• SOURCE DATA:

---------------

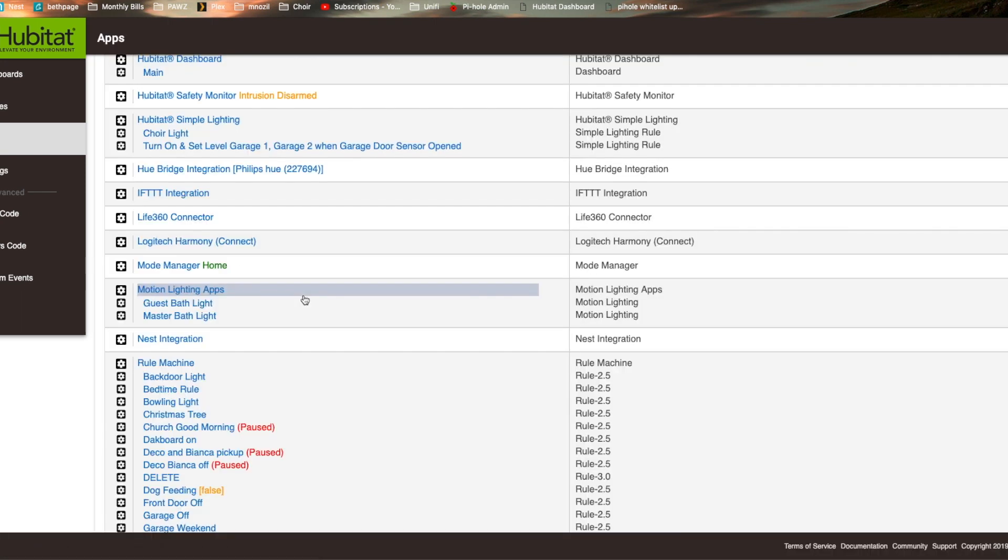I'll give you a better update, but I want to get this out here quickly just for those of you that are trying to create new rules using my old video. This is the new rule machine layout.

---------------

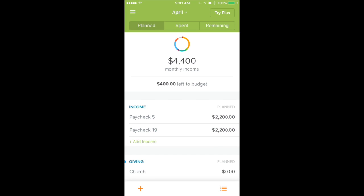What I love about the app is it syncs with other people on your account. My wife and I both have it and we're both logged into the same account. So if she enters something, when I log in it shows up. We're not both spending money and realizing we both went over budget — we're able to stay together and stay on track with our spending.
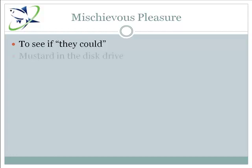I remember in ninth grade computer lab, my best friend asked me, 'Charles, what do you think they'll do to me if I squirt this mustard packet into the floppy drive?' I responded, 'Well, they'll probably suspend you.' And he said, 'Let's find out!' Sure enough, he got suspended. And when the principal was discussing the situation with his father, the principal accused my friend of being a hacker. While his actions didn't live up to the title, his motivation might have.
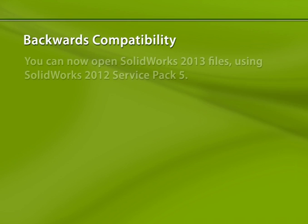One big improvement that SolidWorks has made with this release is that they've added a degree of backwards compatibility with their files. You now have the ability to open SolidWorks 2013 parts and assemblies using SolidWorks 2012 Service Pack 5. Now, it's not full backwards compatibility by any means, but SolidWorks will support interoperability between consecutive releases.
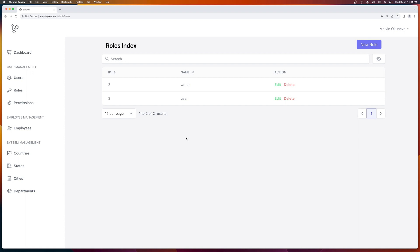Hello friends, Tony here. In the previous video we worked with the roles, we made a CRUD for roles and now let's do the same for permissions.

---------------

• YOUR OBJECTIVE: Give exactly the lines above that run from the line with "What I love" to the line with "Hello friends, Tony", both included, leaving every picture out.

• SOLVED EXERCISE:
What I love about the app is it syncs with other people on your account. My wife and I both have it and we're both logged into the same account. So if she enters something, when I log in it shows up. We're not both spending money and realizing we both went over budget — we're able to stay together and stay on track with our spending.
I remember in ninth grade computer lab, my best friend asked me, 'Charles, what do you think they'll do to me if I squirt this mustard packet into the floppy drive?' I responded, 'Well, they'll probably suspend you.' And he said, 'Let's find out!' Sure enough, he got suspended. And when the principal was discussing the situation with his father, the principal accused my friend of being a hacker. While his actions didn't live up to the title, his motivation might have.
One big improvement that SolidWorks has made with this release is that they've added a degree of backwards compatibility with their files. You now have the ability to open SolidWorks 2013 parts and assemblies using SolidWorks 2012 Service Pack 5. Now, it's not full backwards compatibility by any means, but SolidWorks will support interoperability between consecutive releases.
Hello friends, Tony here. In the previous video we worked with the roles, we made a CRUD for roles and now let's do the same for permissions.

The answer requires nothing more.